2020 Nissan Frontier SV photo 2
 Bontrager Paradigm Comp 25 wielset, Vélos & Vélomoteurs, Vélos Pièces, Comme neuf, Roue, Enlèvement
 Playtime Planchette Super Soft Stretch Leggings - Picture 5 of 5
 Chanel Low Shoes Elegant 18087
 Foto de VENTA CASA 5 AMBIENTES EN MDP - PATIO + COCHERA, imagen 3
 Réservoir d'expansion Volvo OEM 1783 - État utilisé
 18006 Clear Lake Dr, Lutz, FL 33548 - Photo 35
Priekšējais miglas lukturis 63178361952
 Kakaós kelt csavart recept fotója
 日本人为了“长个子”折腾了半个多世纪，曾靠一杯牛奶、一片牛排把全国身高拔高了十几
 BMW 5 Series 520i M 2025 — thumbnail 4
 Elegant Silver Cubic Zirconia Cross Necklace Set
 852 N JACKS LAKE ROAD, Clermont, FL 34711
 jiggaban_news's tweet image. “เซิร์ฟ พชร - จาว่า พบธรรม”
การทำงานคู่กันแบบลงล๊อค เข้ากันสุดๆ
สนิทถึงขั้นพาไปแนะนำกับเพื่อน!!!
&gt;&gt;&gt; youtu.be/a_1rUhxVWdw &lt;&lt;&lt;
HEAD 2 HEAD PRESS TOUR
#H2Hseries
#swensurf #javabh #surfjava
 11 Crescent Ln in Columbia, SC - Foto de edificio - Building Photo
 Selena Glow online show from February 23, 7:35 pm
====
**TASK ITEM:** The lines above, from the first through the one containing "การทำงานคู่กันแบบลงล๊อค เข้ากันสุดๆ", must be restated word for word, with nothing added.

**RESULT FOR THIS TASK:**
2020 Nissan Frontier SV photo 2
 Bontrager Paradigm Comp 25 wielset, Vélos & Vélomoteurs, Vélos Pièces, Comme neuf, Roue, Enlèvement
 Playtime Planchette Super Soft Stretch Leggings - Picture 5 of 5
 Chanel Low Shoes Elegant 18087
 Foto de VENTA CASA 5 AMBIENTES EN MDP - PATIO + COCHERA, imagen 3
 Réservoir d'expansion Volvo OEM 1783 - État utilisé
 18006 Clear Lake Dr, Lutz, FL 33548 - Photo 35
Priekšējais miglas lukturis 63178361952
 Kakaós kelt csavart recept fotója
 日本人为了“长个子”折腾了半个多世纪，曾靠一杯牛奶、一片牛排把全国身高拔高了十几
 BMW 5 Series 520i M 2025 — thumbnail 4
 Elegant Silver Cubic Zirconia Cross Necklace Set
 852 N JACKS LAKE ROAD, Clermont, FL 34711
 jiggaban_news's tweet image. “เซิร์ฟ พชร - จาว่า พบธรรม”
การทำงานคู่กันแบบลงล๊อค เข้ากันสุดๆ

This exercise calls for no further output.